OPINIÃO

Boa briga

Publicado em 8 de maio de 2018

Ilustração: Ricardo Machado

Ilustração: Ricardo Machado

A política é sempre má palpiteira em assuntos de ciência, mas a ciência arregimentada para provar preceitos políticos é pior

Certas coisas são mais importantes pelo que evocam do que pelo que são. Têm um significado simbólico que às vezes suplanta a sua realidade. Foi o caso da pesquisa neurológica entre detentos de menor idade para estudar as causas da criminalidade e do comportamento agressivo, realizada não faz muito por uma universidade do Sul.

A reação ao projeto foi forte.
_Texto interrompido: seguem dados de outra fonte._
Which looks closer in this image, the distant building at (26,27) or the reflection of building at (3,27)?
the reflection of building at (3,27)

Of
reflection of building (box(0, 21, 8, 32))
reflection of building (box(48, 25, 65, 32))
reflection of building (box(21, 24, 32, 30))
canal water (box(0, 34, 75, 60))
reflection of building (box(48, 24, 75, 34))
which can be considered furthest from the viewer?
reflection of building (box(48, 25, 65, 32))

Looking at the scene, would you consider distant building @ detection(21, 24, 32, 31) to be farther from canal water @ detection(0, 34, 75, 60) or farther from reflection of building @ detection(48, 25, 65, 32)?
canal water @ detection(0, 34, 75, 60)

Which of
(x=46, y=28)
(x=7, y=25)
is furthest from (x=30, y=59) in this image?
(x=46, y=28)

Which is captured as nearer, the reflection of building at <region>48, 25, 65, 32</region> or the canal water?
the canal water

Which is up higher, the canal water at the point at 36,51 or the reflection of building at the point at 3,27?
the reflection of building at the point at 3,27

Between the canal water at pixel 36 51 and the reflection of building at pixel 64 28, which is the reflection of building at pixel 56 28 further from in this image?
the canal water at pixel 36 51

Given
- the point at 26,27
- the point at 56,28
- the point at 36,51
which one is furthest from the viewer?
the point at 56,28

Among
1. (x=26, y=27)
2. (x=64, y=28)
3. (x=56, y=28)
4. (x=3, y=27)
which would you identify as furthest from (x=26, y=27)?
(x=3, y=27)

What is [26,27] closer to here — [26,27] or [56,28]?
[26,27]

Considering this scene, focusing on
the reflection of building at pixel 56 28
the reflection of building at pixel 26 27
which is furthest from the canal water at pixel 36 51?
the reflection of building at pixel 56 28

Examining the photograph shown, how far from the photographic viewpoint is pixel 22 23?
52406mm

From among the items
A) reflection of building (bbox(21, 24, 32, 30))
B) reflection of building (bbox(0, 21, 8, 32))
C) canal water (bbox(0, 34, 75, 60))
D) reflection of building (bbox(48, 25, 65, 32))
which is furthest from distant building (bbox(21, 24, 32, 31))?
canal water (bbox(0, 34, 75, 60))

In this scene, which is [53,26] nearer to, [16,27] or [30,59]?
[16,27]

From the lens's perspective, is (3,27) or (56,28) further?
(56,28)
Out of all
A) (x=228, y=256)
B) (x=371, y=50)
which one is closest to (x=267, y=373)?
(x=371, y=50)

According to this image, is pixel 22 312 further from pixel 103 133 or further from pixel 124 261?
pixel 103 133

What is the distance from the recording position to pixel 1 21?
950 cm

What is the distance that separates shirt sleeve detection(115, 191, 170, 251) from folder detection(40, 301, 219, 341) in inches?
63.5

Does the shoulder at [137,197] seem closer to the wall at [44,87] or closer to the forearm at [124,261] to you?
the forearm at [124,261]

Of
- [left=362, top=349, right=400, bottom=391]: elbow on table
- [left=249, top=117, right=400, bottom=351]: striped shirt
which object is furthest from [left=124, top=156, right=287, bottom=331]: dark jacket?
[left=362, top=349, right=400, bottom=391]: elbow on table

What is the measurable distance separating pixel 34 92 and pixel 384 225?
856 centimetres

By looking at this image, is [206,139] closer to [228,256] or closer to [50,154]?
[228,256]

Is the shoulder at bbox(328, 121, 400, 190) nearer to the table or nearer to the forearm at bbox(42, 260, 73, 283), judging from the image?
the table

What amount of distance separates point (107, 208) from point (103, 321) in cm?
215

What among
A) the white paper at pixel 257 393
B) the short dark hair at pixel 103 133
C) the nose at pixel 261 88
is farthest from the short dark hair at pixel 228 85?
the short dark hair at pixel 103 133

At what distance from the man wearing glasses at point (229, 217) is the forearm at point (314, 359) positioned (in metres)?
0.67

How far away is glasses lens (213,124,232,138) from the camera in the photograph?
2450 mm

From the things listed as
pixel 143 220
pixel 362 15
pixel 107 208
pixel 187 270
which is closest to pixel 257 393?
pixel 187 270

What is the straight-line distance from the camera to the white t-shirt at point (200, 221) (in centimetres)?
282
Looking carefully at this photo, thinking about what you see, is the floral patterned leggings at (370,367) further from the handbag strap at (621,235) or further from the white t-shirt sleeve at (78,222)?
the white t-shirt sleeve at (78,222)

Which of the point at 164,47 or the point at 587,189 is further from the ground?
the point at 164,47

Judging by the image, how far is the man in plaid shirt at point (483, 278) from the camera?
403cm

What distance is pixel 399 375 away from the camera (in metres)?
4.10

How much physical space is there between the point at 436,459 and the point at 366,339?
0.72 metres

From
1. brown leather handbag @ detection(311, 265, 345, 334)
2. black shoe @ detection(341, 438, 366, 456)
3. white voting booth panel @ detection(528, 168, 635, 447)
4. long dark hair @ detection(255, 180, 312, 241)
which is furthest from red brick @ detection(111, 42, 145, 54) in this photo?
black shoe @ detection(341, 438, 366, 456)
Estudos desse tipo, segundo seus críticos, buscam argumentos para os que propõem razões biológicas e genéticas, ao contrário de culturais e sociais, para a criminalidade, e eximem a sociedade da sua culpa. Os defensores da pesquisa alegam que avanços havidos na investigação neurológica, da base puramente biológica do comportamento anômalo, tornaram obsoleta a velha questão natureza x  cultura que dividia – grosseiramente entre direita e esquerda – os psicólogos e os analistas sociais. E que uma maior compreensão do funcionamento de um cérebro criminoso não exclui a influência do meio na sua existência. O outro lado defende que pesquisas assim já partem do pressuposto de que o social não importa e só querem camuflar seu reacionarismo – no fundo, quase uma volta a teorias criminalísticas do século 19 – com pseudorrigor científico. Reacionário é quem não aceita o progresso da ciência por preconceito político, dizem os outros. Enfim, uma boa briga.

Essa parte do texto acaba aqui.